Quando parlo di innovazione in questo contesto, la suddivido in quattro aree: persone, cultura, tecnologia e crescita.
- Persone: la prima sfida nelle PMI è la gestione dei conflitti intergenerazionali. I fondatori spesso vogliono mantenere le tradizioni aziendali, mentre i figli e nipoti spingono per la modernità e la digitalizzazione. Inoltre, c’è il tema della valorizzazione dei talenti interni, che spesso hanno lavorato nella stessa azienda per anni e conoscono profondamente il business, ma che devono essere supportati nel processo di cambiamento.
- Cultura: ogni programma di innovazione deve affrontare la resistenza al cambiamento. L’innovazione deve essere comunicata in modo chiaro a tutti i livelli aziendali, e questo richiede una trasformazione culturale profonda.
- Tecnologia: per le PMI, la tecnologia si concentra soprattutto sull’efficientamento operativo e sull’accesso a reti di collaborazioni esterne, come startup, università e fornitori di tecnologia. Molte PMI trovano difficile accedere a queste risorse.
- Crescita: innovare non significa farlo solo per moda, ma per rimanere competitivi in un mercato globalizzato. La flessibilità e la possibilità di accedere a nuovi mercati, anche digitali, sono fondamentali.
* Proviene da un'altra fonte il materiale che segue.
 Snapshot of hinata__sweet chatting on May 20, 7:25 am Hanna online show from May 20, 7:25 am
Per quanto riguarda il mondo startup, l’Italia è in grado di innovare?
Io dissento completamente da chi dice che in Italia manchi innovazione. Al contrario, abbiamo una lunga storia di innovazione: da Leonardo da Vinci a Olivetti. Ciò che manca è la capacità di fare sistema. Dobbiamo imparare a collaborare, a competere e a fare “coopetition“. In Italia, abbiamo molte eccellenze, ma spesso vengono vendute o osteggiate dalle normative. Mancano politiche che favoriscano lo sviluppo e l’ecosistema imprenditoriale, mentre si mettono in atto troppe misure restrittive che limitano l’accesso all’innovazione.
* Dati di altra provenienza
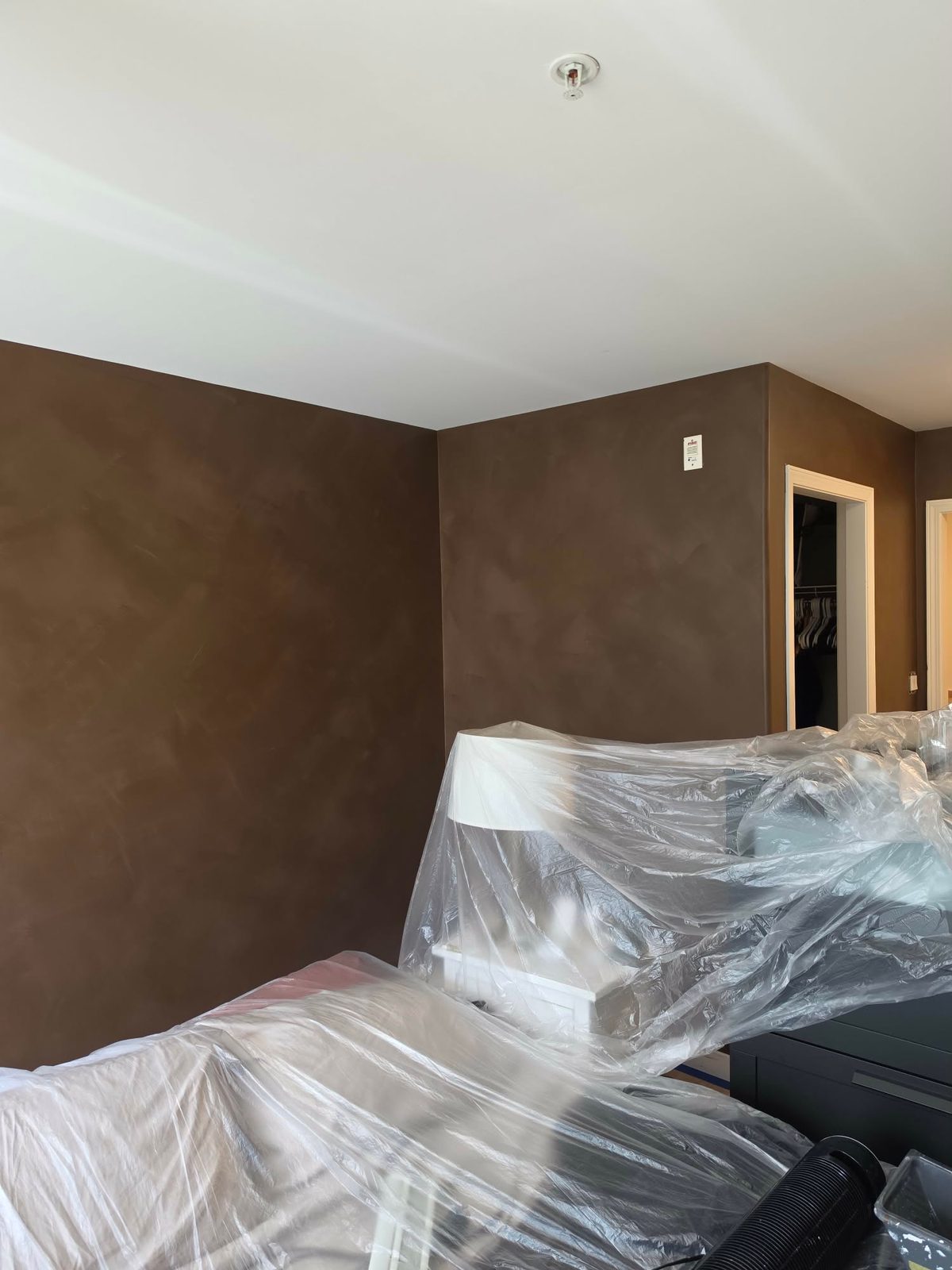 Limewash feature wall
Qual è stata la startup con l’idea più folle che hai sentito, ma che ha avuto successo?
Una delle più folli è stata sicuramente Cubit, che si occupa di cloud. All’inizio non ci credevo, mi sembrava che fosse troppo tardi per quel tipo di innovazione, ma sono stati bravissimi e ora sono arrivati alla Series B, raccogliendo tanti finanziamenti.
Un’altra che mi ha colpito è stata Unobravo, una startup campana che offre servizi di psicologia online. Partita dal nulla, ha avuto una crescita incredibile. Il suo successo dimostra che anche partendo da zero, con determinazione, si possono raggiungere grandi obiettivi.
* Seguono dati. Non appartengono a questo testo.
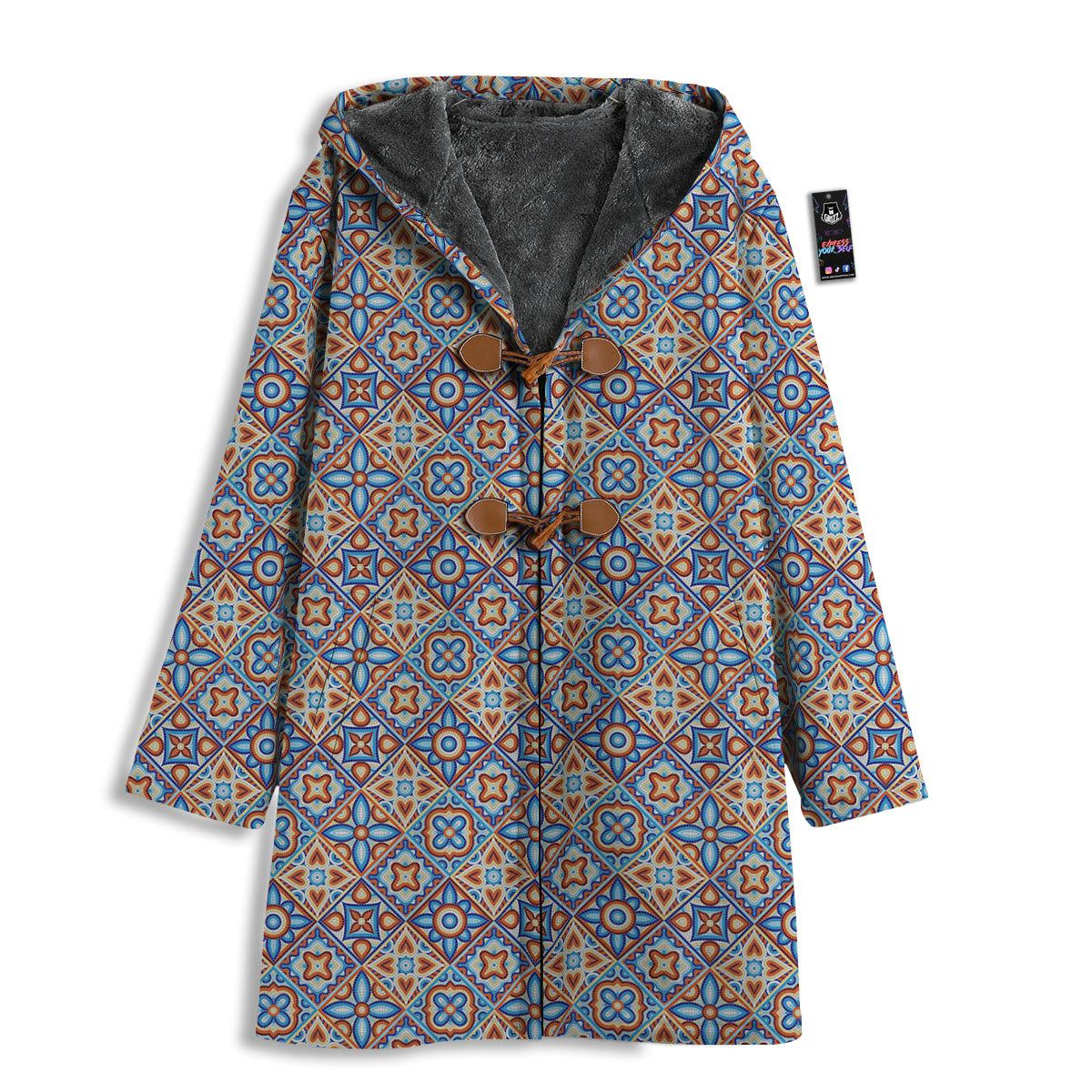 Patchwork Mosaic Print Pattern Men's Windbreaker Jacket-grizzshop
Infine, Up2You, che si occupa di sostenibilità. Anche qui ero scettico all’inizio, ma i fondatori hanno dimostrato grande determinazione, e ora sono una delle startup italiane più promettenti.
Un’azienda come può prepararsi all’arrivo di un manager?
La prima cosa che consiglio è aprirsi al mondo esterno. Molti imprenditori frequentano solo i luoghi tradizionali di networking come Confindustria, dove si parlano tra loro, ma non sempre trovano le soluzioni ai propri problemi. Bisogna uscire dalla propria zona di comfort, partecipare a eventi, convegni e incontri dove si discute di innovazione. Esistono organizzazioni come Your Group, Talent Garden, e altre che promuovono l’innovazione e facilitano il networking con professionisti e startup. Uscire dal proprio contesto è il primo passo per risolvere i problemi e prepararsi al cambiamento.